Thursday, July 18, 2013

Juki Card Application and Expiration Date

Just a mini-update about the juki card (住基カード), a government-issued identification card that was made available to foreign residents earlier this month.

As a reminder, the juki card is one of the few government ID cards available to foreign residents which can contain your 通称名 (tsuushoumei), or registered alias. If you're like me and have a long name, you may find that it's the only card you can get with a tsuushoumei on it.

There are two forms of the juki card, one with a photo and one without. The one with a photo has more information listed on it, and it can be used as official ID in place of a driver's license or zairyuu card.

To get a juki card, you'll need to apply at your local town, city, or ward office. Application forms are available at the offices and are not too long or complicated to fill out. However, application also requires a 35mm by 45mm photograph of you, without a hat, against a plain background, yadda yadda. Standard ID photo fare. While some offices will have the means to take your photo on site, some may not. So it's best to call ahead or just come prepared with a photo in hand. Depending on where you live, there may also be an application fee of a few hundred yen.

The juki card will typically be valid until the end of your period of stay (在留期間) as listed on the stamp from Japanese immigration in your passport. (I'm not sure how long the juki card lasts for permanent residents.) This means that if you're coming up for an extension, you may want to complete that extension before arranging to have your juki card made.
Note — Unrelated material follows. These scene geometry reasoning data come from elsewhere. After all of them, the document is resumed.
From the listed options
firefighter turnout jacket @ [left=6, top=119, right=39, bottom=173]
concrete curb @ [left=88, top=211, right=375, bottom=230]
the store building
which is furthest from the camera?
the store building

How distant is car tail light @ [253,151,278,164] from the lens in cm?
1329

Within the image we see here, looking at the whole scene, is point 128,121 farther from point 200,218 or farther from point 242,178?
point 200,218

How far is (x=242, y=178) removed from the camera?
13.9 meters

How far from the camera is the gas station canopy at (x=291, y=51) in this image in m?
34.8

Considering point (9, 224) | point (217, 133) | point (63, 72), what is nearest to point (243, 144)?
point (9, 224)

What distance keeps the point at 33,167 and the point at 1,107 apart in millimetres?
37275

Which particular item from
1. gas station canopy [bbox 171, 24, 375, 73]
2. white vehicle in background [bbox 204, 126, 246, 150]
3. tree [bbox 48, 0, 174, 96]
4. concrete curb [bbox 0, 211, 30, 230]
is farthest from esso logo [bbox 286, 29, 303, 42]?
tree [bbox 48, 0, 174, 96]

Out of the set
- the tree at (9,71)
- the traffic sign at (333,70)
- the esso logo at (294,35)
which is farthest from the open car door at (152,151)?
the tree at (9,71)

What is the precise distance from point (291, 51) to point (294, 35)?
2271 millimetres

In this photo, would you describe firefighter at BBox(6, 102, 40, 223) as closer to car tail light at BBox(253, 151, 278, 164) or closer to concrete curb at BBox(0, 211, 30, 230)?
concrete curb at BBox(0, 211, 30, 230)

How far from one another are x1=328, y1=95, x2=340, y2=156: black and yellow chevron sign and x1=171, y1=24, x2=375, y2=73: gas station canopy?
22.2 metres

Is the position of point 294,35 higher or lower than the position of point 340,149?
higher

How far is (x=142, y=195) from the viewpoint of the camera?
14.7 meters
You can typically apply for extensions at immigration up to six months before your current landing permit expires, and applying early carries no penalty--if an extension is granted, the extra year(s) will be tacked on to the final date of your original landing permission.
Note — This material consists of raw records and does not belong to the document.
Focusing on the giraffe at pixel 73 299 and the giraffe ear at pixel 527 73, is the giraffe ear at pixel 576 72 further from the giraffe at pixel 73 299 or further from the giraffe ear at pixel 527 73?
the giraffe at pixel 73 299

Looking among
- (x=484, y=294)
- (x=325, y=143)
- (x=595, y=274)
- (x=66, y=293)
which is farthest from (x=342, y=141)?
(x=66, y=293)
Anyway, again, the juki card's expiration will match that date in your passport. When your juki card expires, you'll have to go to the city office again, with a new photo, and pay any municipal fees again to have it updated. So time it wisely.


  1. First off, love your site. Lots of useful information for anyone living in Japan.

    Also, to answer the question on Juki-net card expirations for permanent residents, the answer is 10 years from the date issued. I recently got my card (with photo) and the expiration says it's good until 2023. Cheers!